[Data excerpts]
* * *

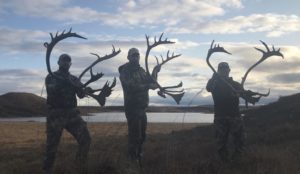 Hunters holding caribou antlers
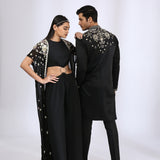 Jet black jumsuit with an embroidered open jacket & Black Embroidered Kurta teamed with matching narrow pants - Couple Set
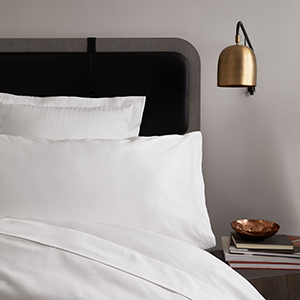 H by FretteSheets, Pillow Shams, and Duvet Cover in white percale on bed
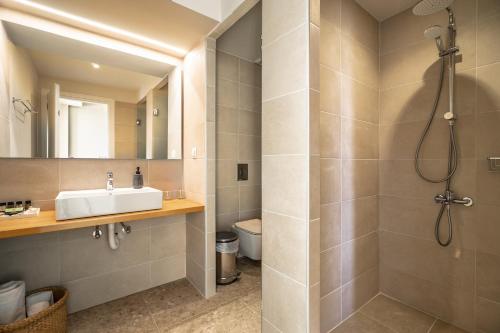 a bathroom with a sink and a shower at Joy Breeze in Kefallonia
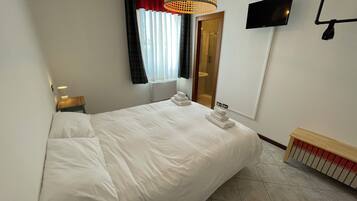 A hotel room with a large bed, a bedside table with a lamp, a TV mounted on the wall, and a window with curtains.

* * *

Your instructions:
Every entry above should be restated word for word, with the images left out.

Answer below:
 Hunters holding caribou antlers
 Jet black jumsuit with an embroidered open jacket & Black Embroidered Kurta teamed with matching narrow pants - Couple Set
 H by FretteSheets, Pillow Shams, and Duvet Cover in white percale on bed
 a bathroom with a sink and a shower at Joy Breeze in Kefallonia
 A hotel room with a large bed, a bedside table with a lamp, a TV mounted on the wall, and a window with curtains.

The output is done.